**Input data:**

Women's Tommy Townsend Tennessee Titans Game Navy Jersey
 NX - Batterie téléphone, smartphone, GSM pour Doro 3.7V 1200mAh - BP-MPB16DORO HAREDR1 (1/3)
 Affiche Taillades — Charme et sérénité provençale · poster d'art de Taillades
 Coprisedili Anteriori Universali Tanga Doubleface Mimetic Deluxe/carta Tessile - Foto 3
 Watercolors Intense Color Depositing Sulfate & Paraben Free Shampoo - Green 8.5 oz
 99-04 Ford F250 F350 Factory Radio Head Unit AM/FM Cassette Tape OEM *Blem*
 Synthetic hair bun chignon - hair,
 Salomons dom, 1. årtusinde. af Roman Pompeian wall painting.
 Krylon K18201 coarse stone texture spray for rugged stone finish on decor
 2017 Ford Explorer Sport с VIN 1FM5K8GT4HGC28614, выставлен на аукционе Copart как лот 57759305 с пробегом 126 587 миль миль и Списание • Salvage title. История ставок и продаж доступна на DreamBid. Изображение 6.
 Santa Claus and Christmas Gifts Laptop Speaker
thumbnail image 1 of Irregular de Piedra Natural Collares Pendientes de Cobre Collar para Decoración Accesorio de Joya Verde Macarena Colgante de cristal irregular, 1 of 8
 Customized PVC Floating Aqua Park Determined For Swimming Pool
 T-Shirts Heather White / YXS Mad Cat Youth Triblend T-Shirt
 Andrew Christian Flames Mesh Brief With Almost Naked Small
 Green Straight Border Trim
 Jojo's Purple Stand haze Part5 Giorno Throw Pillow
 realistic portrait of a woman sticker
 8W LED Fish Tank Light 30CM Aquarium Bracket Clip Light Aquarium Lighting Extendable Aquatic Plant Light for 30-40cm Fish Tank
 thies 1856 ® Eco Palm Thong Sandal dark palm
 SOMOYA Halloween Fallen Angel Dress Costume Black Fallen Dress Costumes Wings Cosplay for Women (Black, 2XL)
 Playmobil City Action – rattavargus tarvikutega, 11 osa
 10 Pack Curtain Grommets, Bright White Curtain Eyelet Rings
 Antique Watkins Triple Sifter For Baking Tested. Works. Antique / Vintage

**Exercise aim:** An exact printout is needed of the lines from the one containing "Santa Claus and" through the end of the listing above, both of those lines included, and nothing else.

**Output for this exercise:**
 Santa Claus and Christmas Gifts Laptop Speaker
thumbnail image 1 of Irregular de Piedra Natural Collares Pendientes de Cobre Collar para Decoración Accesorio de Joya Verde Macarena Colgante de cristal irregular, 1 of 8
 Customized PVC Floating Aqua Park Determined For Swimming Pool
 T-Shirts Heather White / YXS Mad Cat Youth Triblend T-Shirt
 Andrew Christian Flames Mesh Brief With Almost Naked Small
 Green Straight Border Trim
 Jojo's Purple Stand haze Part5 Giorno Throw Pillow
 realistic portrait of a woman sticker
 8W LED Fish Tank Light 30CM Aquarium Bracket Clip Light Aquarium Lighting Extendable Aquatic Plant Light for 30-40cm Fish Tank
 thies 1856 ® Eco Palm Thong Sandal dark palm
 SOMOYA Halloween Fallen Angel Dress Costume Black Fallen Dress Costumes Wings Cosplay for Women (Black, 2XL)
 Playmobil City Action – rattavargus tarvikutega, 11 osa
 10 Pack Curtain Grommets, Bright White Curtain Eyelet Rings
 Antique Watkins Triple Sifter For Baking Tested. Works. Antique / Vintage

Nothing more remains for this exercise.